Recently, we loaded up the kids and headed to Houston for vacation, endeavoring to cram as much touristy fun into five days as was humanly possible. One of the places on our itinerary was the Museum of Fine Art. My husband and I have always enjoyed art museums, and our oldest is now a huge fan as well. But the five-year old… she’s along for the ride. It’s a lot of “Don’t touch the art” and “Don’t run” and “Shhhhhh,” but she’s learning. I tell myself that there is no other way for her to learn how to behave in and to appreciate art museums if she is not given the chance.

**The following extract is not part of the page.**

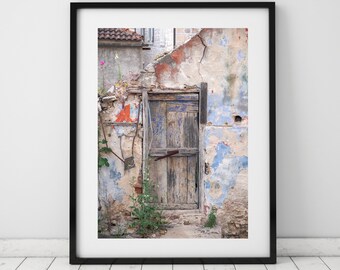 Colorful Blue Red and Cream Croatian Door Wall Art, Architecture Decor, Boho Rustic Vintage Door Print Photo, | PRINTABLE Digital Download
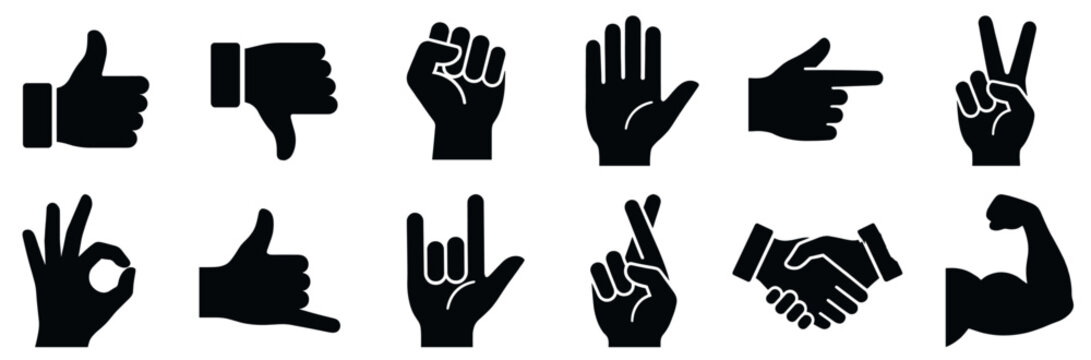 Human hand gestures and symbols collection featuring various common communication signs like thumbs up, peace, OK, pointing, and handshake.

Our experience in the morning was very different from our experience in the afternoon. In the morning, we leisurely ambled through gallery after gallery, talking quietly about our favorite pieces and exhibits that piqued our curiosity. After a break for lunch (to refuel) and a trip to the children’s museum (to placate our children), we returned in the evening to finish the galleries we had missed. Only now we were all tired, our feet were sore, more people were there, and there was really loud music playing in the lobby. So while the girls and I took a restroom break, my husband breezed through the remaining rooms to tell us where to find the big-name artists (Picasso in the first room, back wall; Monet 2nd room, left side etc.) so the girls and I could hit the highlights as we cruised through the remainder of the museum.
That crazy day led to an interesting discussion: What is the best way to visit an art museum? I know I posted previously about the reason for benches in art museums. And truthfully, that is the way I prefer to visit — slowly, carefully, taking time to really see the art, to think about it, to be simply surrounded by beautiful works of art.
But what if my regular, everyday existence did not regularly have room for art? What if I had never been exposed to such works of beauty? What if I had been given only one hour to walk inside the doors of an art museum? Shouldn’t I try to fill my visual cup with as much art as I could? Would it be worth it to breeze through just to have that art imprinted in my visual memory? I think so.
My brain cannot process information it does not have. My mind cannot ponder in a vacuum. It needs fuel. We live in a world that is too often ugly or sterile. We work in dull cubicles; our conversations occur all-too-often through technology instead of face-to-face. Our children play video games instead of drawing pictures or building forts. And our minds and imaginations grow dull. How many five-year olds have never even been to an art museum? Did my daughter sit and meditate on the wonderful Pissarro landscapes we saw? No, and frankly I’m not sure she could tell you much about what we saw that day. But her eyes saw much that was beautiful that day, and it will shape the way she thinks and feels. While I did appreciate the beauty of individual works, I also benefited from swimming through that vast collection of art. The world of human creativity is much bigger than I am, and not everyone looks like me, thinks like me, creates like me. To focus on a single work of art is to focus on a single drop of rain. But sometimes I need to see the immensity of the ocean.
What about you?
Are you a stop-and-ponder, focus-on-one-work-at-a-time sort of person? Or do you tend to breeze through and let it all flood over you? I think we all need some measure of both. What do you think? What do you do when you visit an art museum? How do you enjoy experiencing art? How do you take in the beauty of this world, both that of the Divine Artist and the human artists made in His image?
Laura · June 16, 2016 at 2:15 pm
When I go to an art museum Michelle, I always come out feeling alive, brimming with an awe of how each of us sees the world differently but beautifully. I’m a stop and ponder girl and one image can stay with me for days. A painting, a museum experience, whisks me away to an imaginary place of color and expression and reflects how many ways we are made in His image.